▶ THE TASK
Once you reach the line with "Salad Fork 1933", transcribe it and every line after it to the end of the records, exactly, but not the pictures.

▶ RECORD EXTRACTS
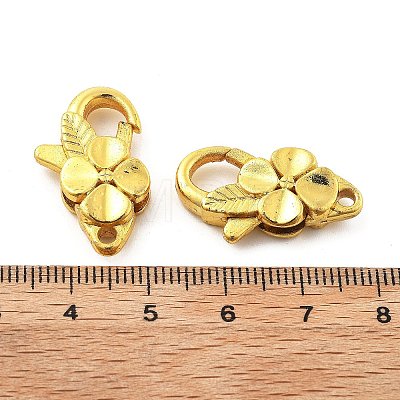 Brass Lobster Claw Clasps KK-R216-18A-G-1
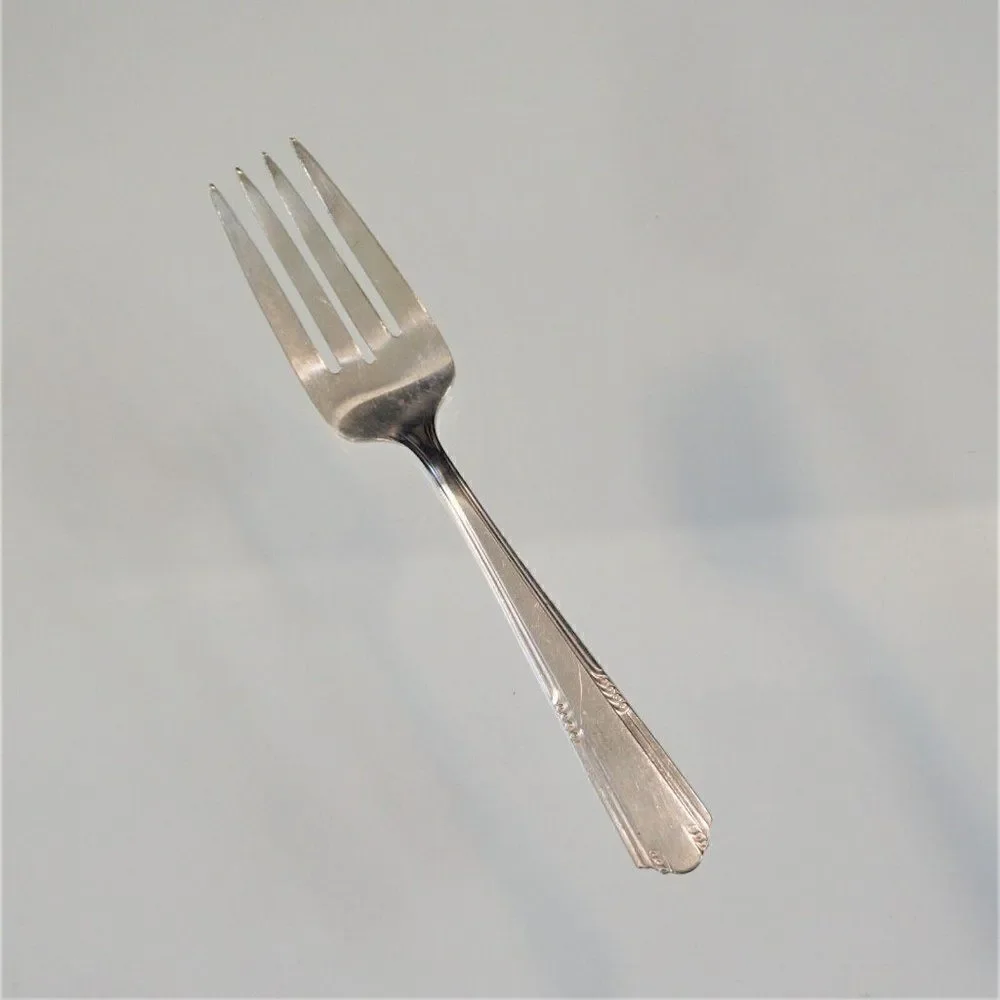 Salad Fork 1933 Simplicity Pattern Wallace Deerfield Silverplate 6 inch
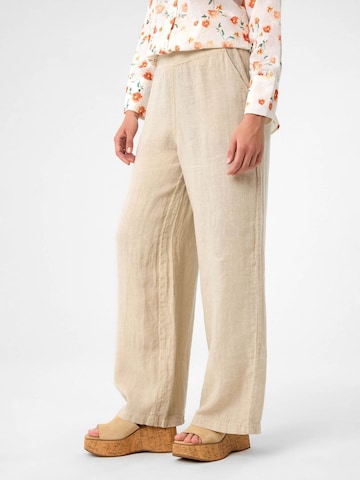 DIMI Wide leg Pants 'Weite Damen Leinenhose' in Beige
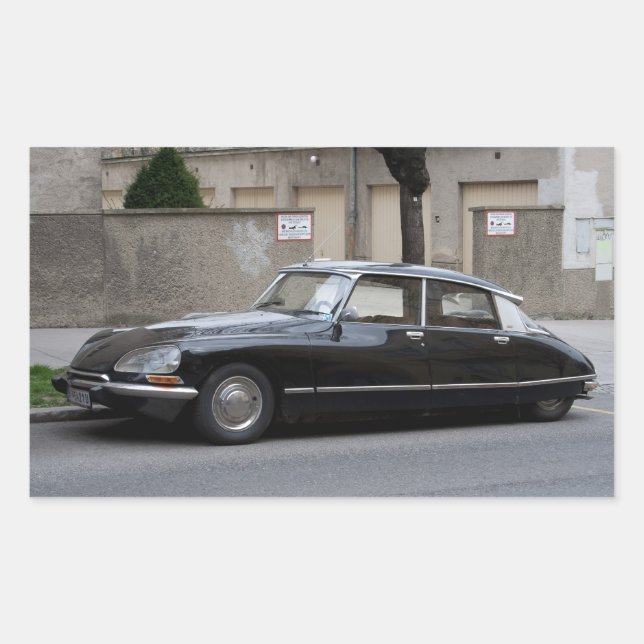 Citroën DS Rechteckiger Aufkleber (Vorderseite)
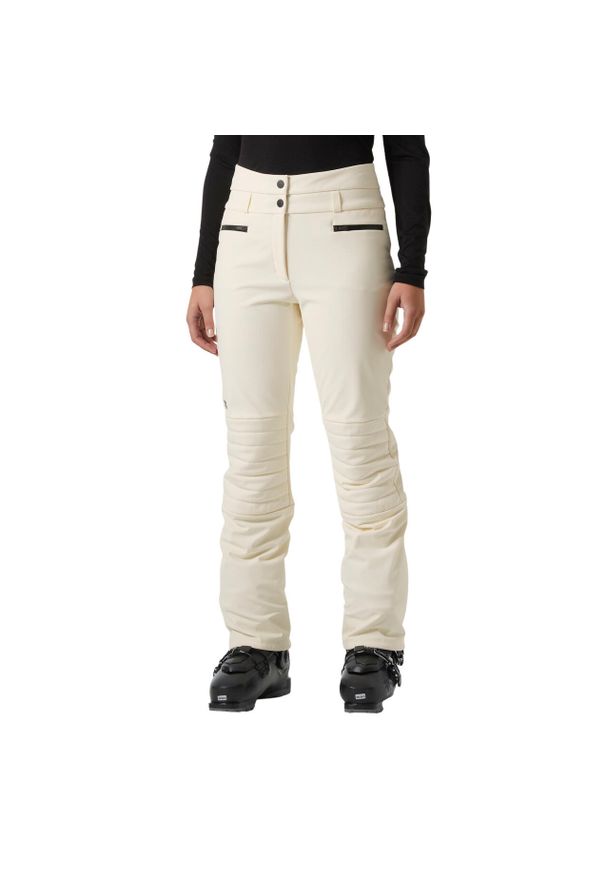 Spodnie narciarskie dla kobiet Helly Hansen Avanti Stretch 2.0. Kolor: biały, beżowy, wielokolorowy. Sezon: zima. Sport: narciarstwo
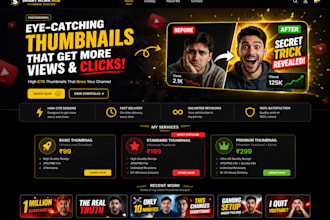 design eye catching youtube thumbnails for game and anime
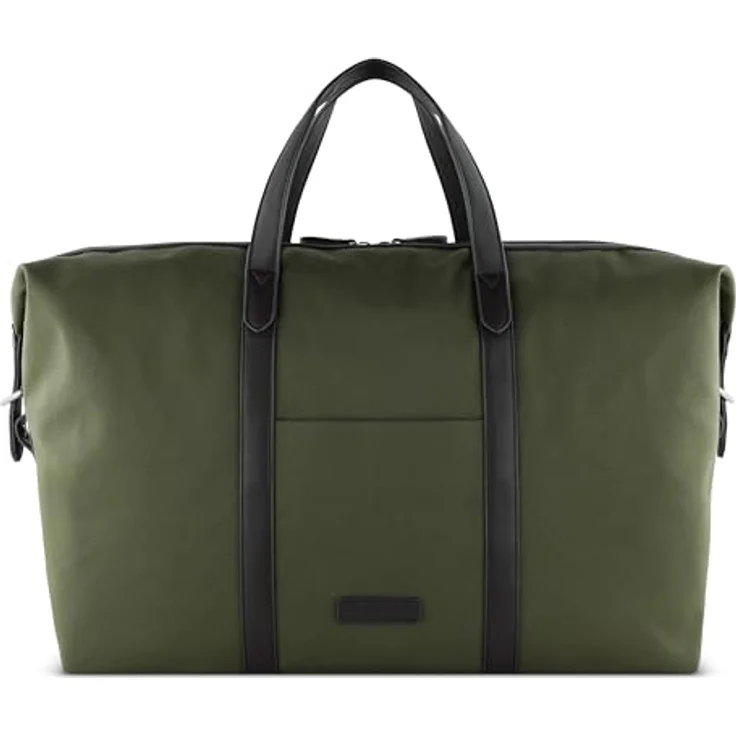 Bugatti Maro Weekender Reisetasche, 48 cm, Grün, 36 l Volumen, vielseitige Trageoptionen, handgefertigt aus strapazierfähigem Polyester – Bild 1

▶ ANSWER SECTION
 Salad Fork 1933 Simplicity Pattern Wallace Deerfield Silverplate 6 inch
 DIMI Wide leg Pants 'Weite Damen Leinenhose' in Beige
 Citroën DS Rechteckiger Aufkleber (Vorderseite)
 Spodnie narciarskie dla kobiet Helly Hansen Avanti Stretch 2.0. Kolor: biały, beżowy, wielokolorowy. Sezon: zima. Sport: narciarstwo
 design eye catching youtube thumbnails for game and anime
 Bugatti Maro Weekender Reisetasche, 48 cm, Grün, 36 l Volumen, vielseitige Trageoptionen, handgefertigt aus strapazierfähigem Polyester – Bild 1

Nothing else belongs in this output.